Goodbye, My Brother


By Kurt Mullen

Originally Published in Paddler Magazine

My wife and I threw the bikes back on the roof rack, left the hotel in Morgantown behind, and drove another hour through West Virginia to meet the waterfall that had killed my brother July 24, 2005. It had been two years since his accident, and the only image I had of the falls came from a picture a stranger had published on the Internet. I didn’t take into account that the falls, shot at close range and from below, were magnified in that photo. So, in this solemn stop of a 10-day road trip, it took a lot of peering up and down a stretch of the Tygart River in Valley Falls State Park to realize that the serene 10-footer in front of me was the watery monster I had always imagined.


John, who was 37 then, took his first paddling lesson in a pool near his home in Northern Virginia four years before his death. He spent most of his time on the Potomac River after that, and made the most of an opportunity to write about his sport at The Washington Post, where he was a copyeditor and a once-a-week writer for the sports section.


In 2004, he was a long shot for a seat on the U.S. whitewater slalom team bound for Athens. But he trained hard for it anyway and competed with the best in the sport at an Olympic qualifying event in South Bend, Indiana, in April of that year. Hanging on at that level earned him an authenticity that few writers—particularly sportswriters—can ever claim with their subjects.

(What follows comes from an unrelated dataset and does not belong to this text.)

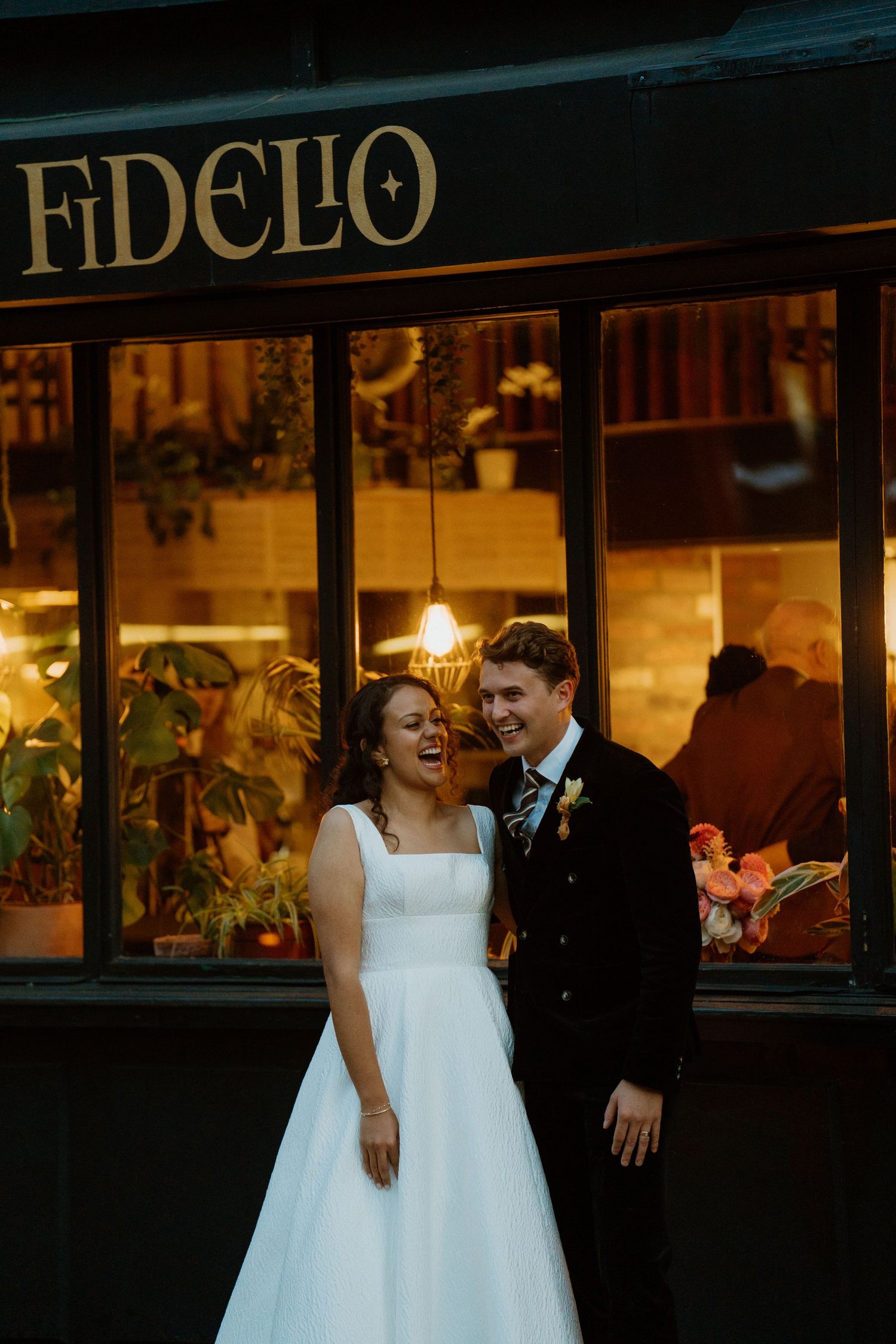 Joyful bride and groom laughing outside Fidelio restaurant during their London wedding.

By the summer of 2005, he had focused his ambition on river running. To test his progress, he headed to Vail for the Teva Mountain Games—another chance to compete with the best. That trip was a remarkable one for him, because the talent there inspired him to practice harder. And at the same time, an experience on the Oh-Be-Joyful Creek near Crested Butte convinced him to be more realistic about his abilities. He left his boat at the top of that run for someone else to use, and walked away. It was an important exercise in restraint for him, and he related this in his Sunday outdoor column, Outside Line.


A few months later he traveled to Valley Falls with a friend. He landed the first drop off-balance and flipped over in his boat. Upside down and holding his breath, he tried three times to roll. He failed and swam. When he came out of his boat, he was too close to the falls, and the high water drove him down and pinned him beneath it. He was unconscious and heading downriver toward the second waterfall when he finally surfaced.


Like water, grief at high levels can re-circulate and keep you pinned in place. To break out, it seems you have to get past asking why something bad happened to someone you loved. You want to reject a brutal fate for this person, but in time there’s no choice but to accept it. When you do, you can look more intently at the life as it was lived than at the way it happened to end.


I was thinking it was time to leave Valley Falls when my wife pointed to a man and a woman walking from the parking lot with kayaks on their shoulders. There was a dry sandstone ledge to the side of the waterfall nearest me, and they paddled to it. The woman got out on the ledge and took a video camera out of a yellow plastic case. The man got out and looked over the falls. When he got in his boat again and paddled upriver, I let myself imagine it was John paddling. The kayak paused, turned, and the man calmly paddled toward me again. In my double vision of the past and the present, I watched him go straight for the horizon line, past the woman with the camera, and over the falls. I did not expect the chill that shuddered through me when he landed on the other side. The woman threw him the camera case and, moments later, ran it herself.


She ran the second waterfall, too, and I walked down to talk to her. She was from Canada, she said. She’d taken a couple weeks off work for some adventures in these parts. I asked some general questions about creeking. When she started talking about technique and safety, I knew John would have liked her. She was in her boat still and clearly riding a moon shot of adrenaline. It reminded me of the last time I saw him a couple weeks after the Teva Mountain Games in 2005, and just a month before he died. “Sometimes, if there’s a lot of water going over, it’ll pull you back in,” she said. I might as well have heard John saying these words himself. His was an accident, one that happened when he was really living. It put me in mind to break away from our conversation before she could ask me what I was doing there. I didn’t want to spoil the glimpse she’d given me of the way he lived by describing to her the way he had died.